Ademais, não pode ser imputada responsabilidade a esta instituição bancária, pelo que, rejeita veementemente, que tenha sido com base no saldo das contas arroladas que as partes lograram chegar a acordo no processo de divórcio,

Desde logo, porque as contas bancárias não eram os únicos bens que compunham o inventário objecto de partilha, conforme resulta de sentença homologatória de divórcio por mútuo consentimento, do qual foi a ora recorrente notificada,

Pelo que, não poderá o douto despacho entender que apenas as contas bancárias arroladas foram determinantes na formação da vontade das partes para o entendimento, posteriormente, homologado;

Reitera-se, uma vez mais, que as partes conheciam, não podendo desconhecer sem culpa, a co-titularidade da conta bancária nº 000/0000000000;

Sendo certo, que tal informação veio a revelar-se indispensável no âmbito dos autos, motivo pelo qual a ora recorrente se penitencia não ter desde logo informado de que a titularidade da conta nº 000/0000000000 era detida em conjunto com o irmão do requerido,

E que o interesse público na realização da justiça teria de ceder perante a manutenção do segredo,

A verdade é que as partes, a data do acordo de divórcio, tinham conhecimento de tal facto.

Quando confrontada com o esclarecimento dos montantes a disponibilizar a Requerente e ao Requerido, o Banco… informou as correspondentes percentagens que caberiam a cada um, aguardando instruções para a disponibilização dos montantes

Não podendo resultar qualquer responsabilidade desta instituição bancária pelo sucedido,

Da mesma forma que não poderá ser exigível a esta instituição bancária o cumprimento do douto despacho que ordena a entrega de metade do montante depositado na conta bancária nº 000/0000000000 à Requerida, mas apenas 25% desse montante, por ser esse o montante a que a Requerida tem direito.

A conta à ordem nº 000/0000000000 trata-se de uma conta com pluralidade de titulares, não sendo apenas titulada pelo Requerido, mas também pelo seu irmão,

Acresce que, tratando-se de uma conta colectiva a mesma é uma conta conjunta e não uma conta solidária,

Significa isto, que tratando-se de uma conta colectiva conjunta todos os titulares são obrigados a assinar por forma a autorizar a movimentação,

Contrariamente ao que sucede numa conta colectiva solidária onde é suficiente a assinatura de um dos titulares para a movimentação da conta, não sendo necessária a prévia autorização dos restantes titulares para qualquer movimentação da conta.

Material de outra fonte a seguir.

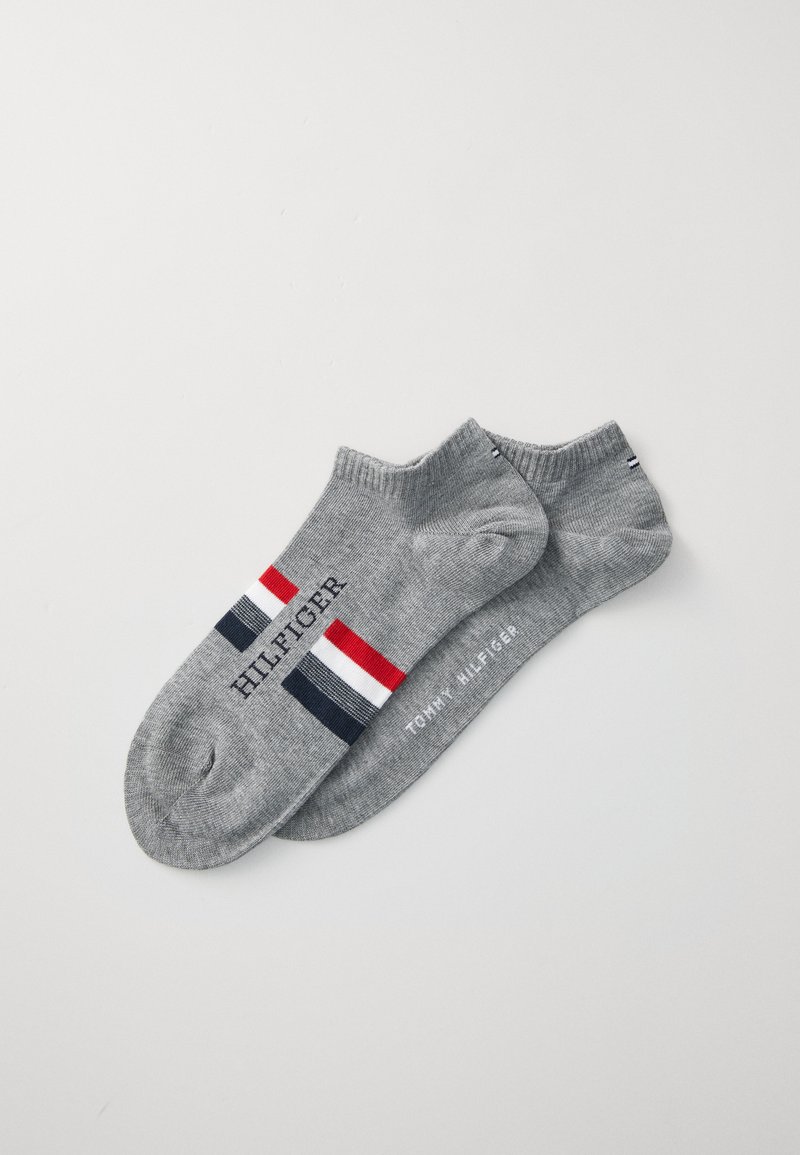 Grå ankelsockar med randigt mönster i röd, vit och marinblå, med texten "HILFIGER" och "TOMMY HILFIGER" på varje socka.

Aos depósitos são aplicáveis os princípios da solidariedade activa estatuídos nos artigos 513º e 516º do Código Civil, que estabelecem, em síntese, a presunção de comparticipação em partes iguais no crédito,

Ou seja, presume-se, enquanto não se fizer prova em contrário, que cada um dos depositantes é titular de metade da conta,

Neste sentido já se pronunciou o Acórdão do Supremo Tribunal de Justiça de 17 de Junho de 1999, disponível em www.dgsi.pt;

Sendo certo, que a presunção de comparticipação em partes iguais da titularidade do crédito pode ser ilidida, mediante prova em contrário,

Não resulta, salvo melhor opinião, nem na sentença que homologou o divórcio, nem nos despachos judiciais de que o Banco foi notificado, que estivesse ilidida a presunção de co-titularidade da conta do Requerido e do seu irmão.

Ora, havendo uma titularidade conjunta com um terceiro, que esta instituição contratualmente terá de respeitar, o Banco..., em conformidade com douta sentença, disponibilizou 25% dos valores depositados em GBP nesta conta à requerente A…, ou seja, precisamente metade daquele valor que pertencia ao requerido L….

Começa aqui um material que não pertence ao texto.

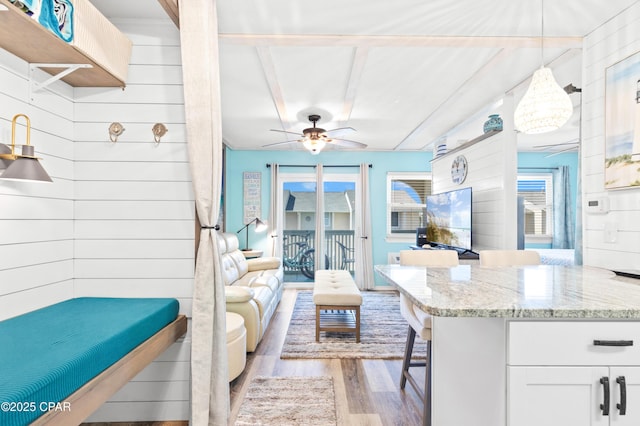 living room featuring a ceiling fan, wooden walls, and wood finished floors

Resulta, salvo melhor opinião, que o Banco sempre cumpriu com o ordenado pelo tribunal, tendo permitido ordem de movimentação das contas após levantamento do arrolamento de acordo com a titularidade das contas.

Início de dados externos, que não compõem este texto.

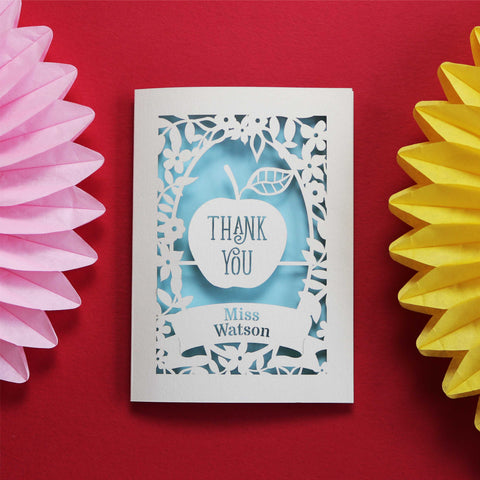 A Thank You card for a teacher, showing an apple . Cream cards with pale blue background. Personalise with teacher's name. - A5 / Light Blue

Não estando ilidida a presunção de co-titularidade da conta detida pelo requerido e pelo seu irmão, não existe a obrigação de restituir, e determinando-se que existe, terá de ser a Requerida a accionar os meios judiciais ao seu alcance com vista a satisfação da sua pretensão,

Já que o Banco nunca estaria obrigado à restituição dos montantes mas apenas à disponibilização da quota-parte pertencente à requerida, ou seja, 25%, o que fez,

Ao que acresce que, não poderá o Banco proceder a entrega de valores que não estão na sua disponibilidade por já não se encontrarem depositados.

Entende o ora Recorrente que, por um lado, sempre agiu de acordo com o teor das notificações que lhe foram dirigidas e, por outro lado, com as disposições legais aplicáveis.

3. A requerente apresentou contra-alegações, nas quais considera que o recurso não deve ser admitido e que, na hipótese de ser apreciado, deve ser-lhe negado provimento, mantendo-se na íntegra o despacho recorrido.

4. Corridos os vistos legais, cumpre apreciar e decidir.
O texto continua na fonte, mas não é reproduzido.